Only the lines from the one containing "Enamel Drop Eye" through the last line below belong in your copy; transcribe them exactly and omit any pictures.

= SOURCE DATA =

----

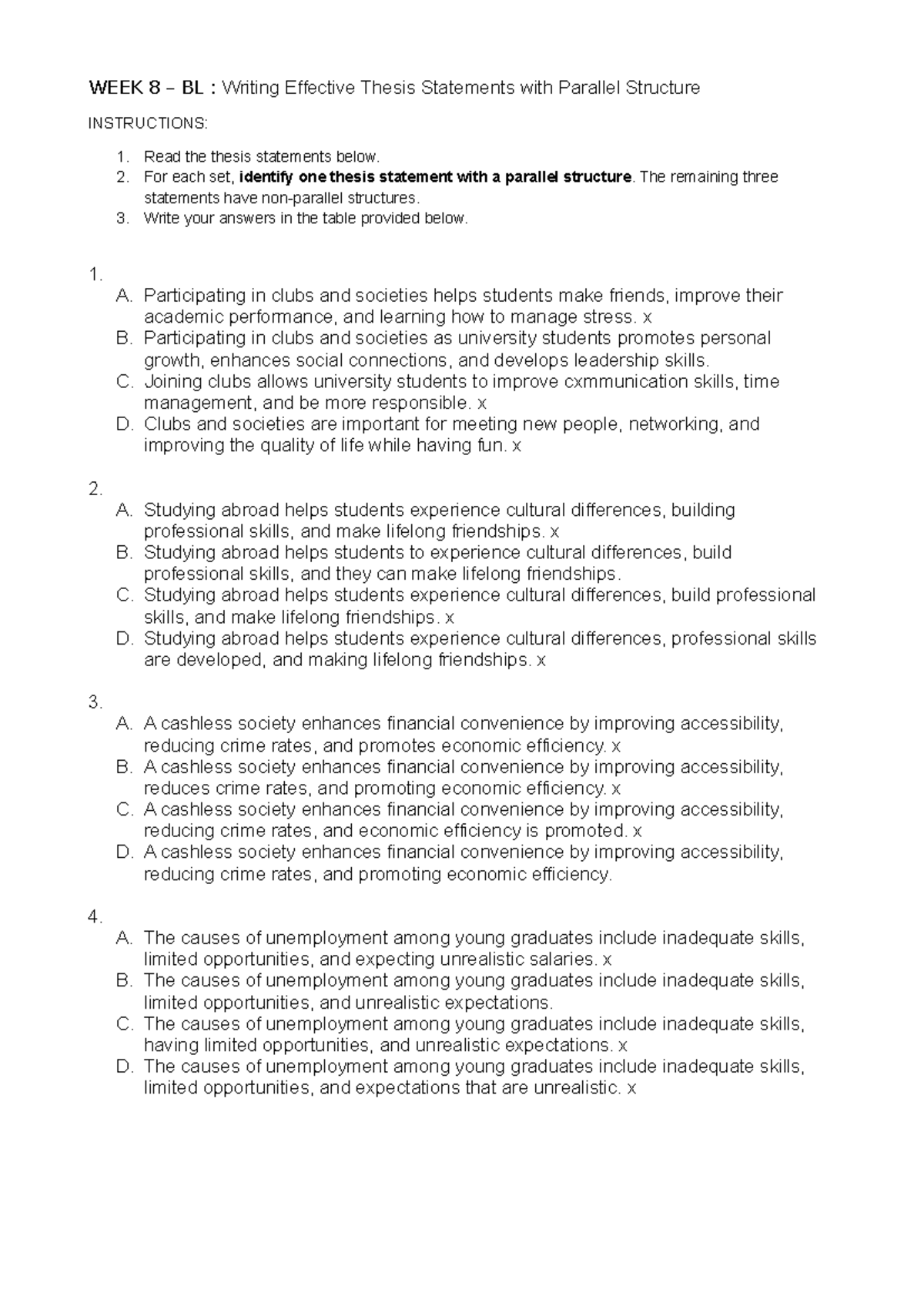 WEEK 8 BL: Analyzing Thesis Statements with Parallel Structure - Studocu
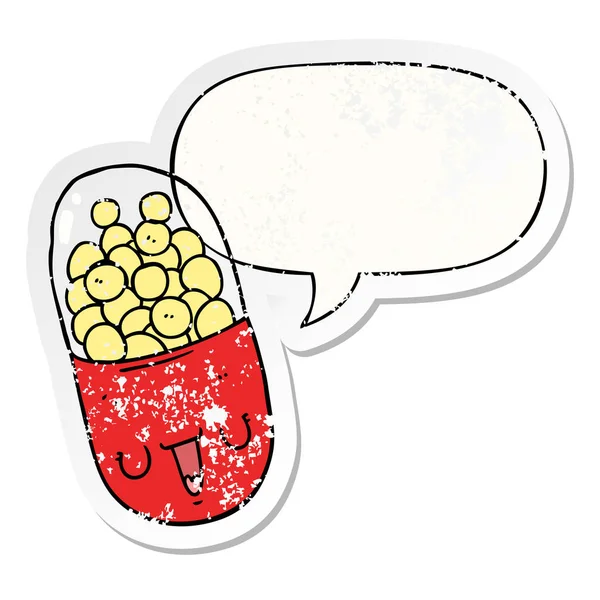 Pilule médicale dessin animé et bulle de la parole autocollant affligé — Image vectorielle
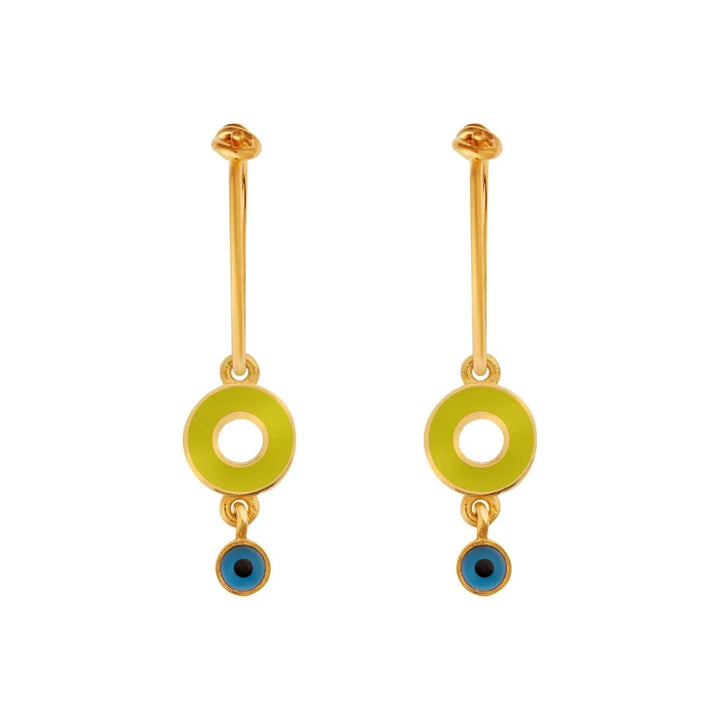 Enamel Drop Eye Slim Hoops - Eye M Eyes - Ileana Makri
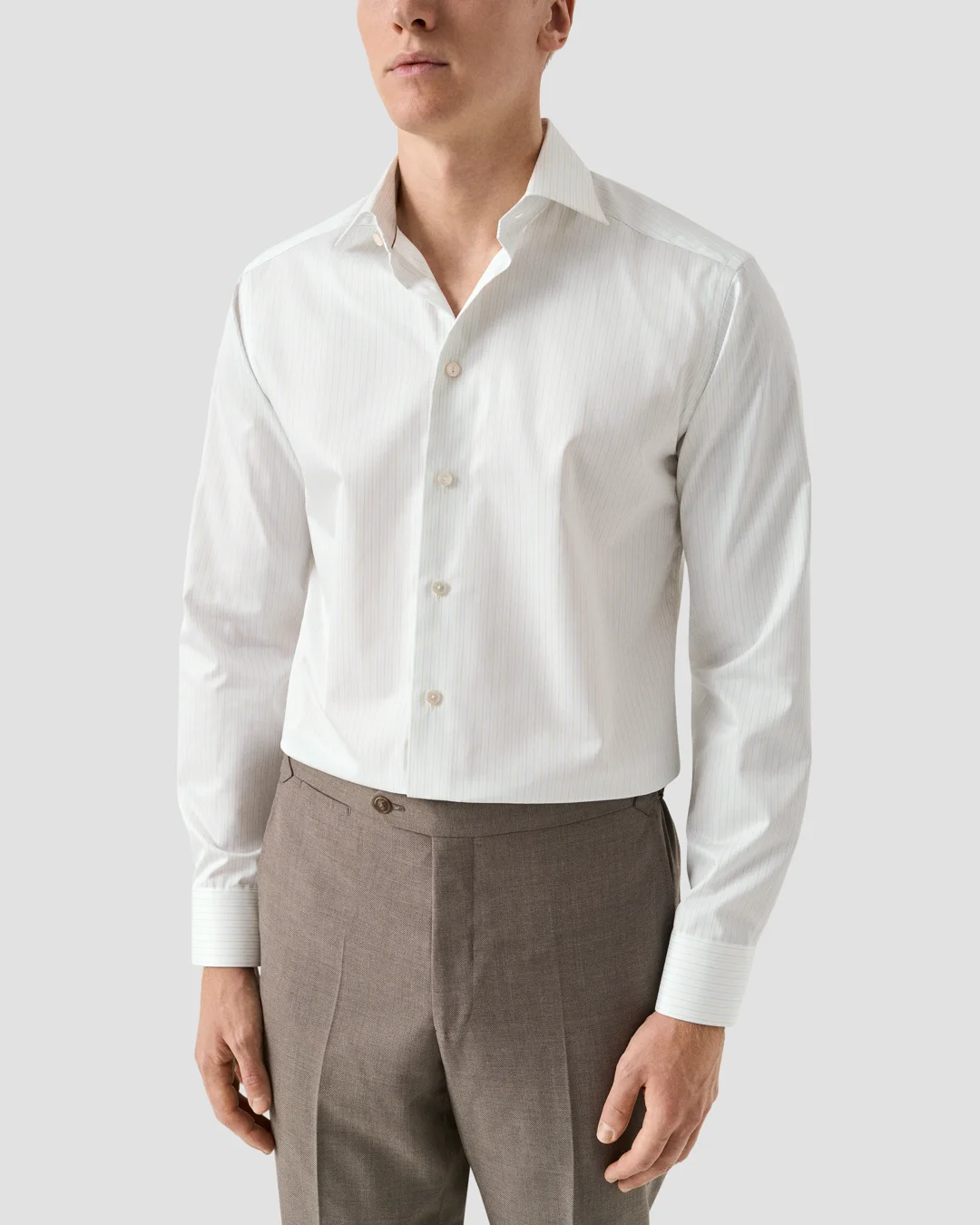 Light green Striped Supima 120 Shirt - Eton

----

= RESULT OF THE EXERCISE =
 Enamel Drop Eye Slim Hoops - Eye M Eyes - Ileana Makri
 Light green Striped Supima 120 Shirt - Eton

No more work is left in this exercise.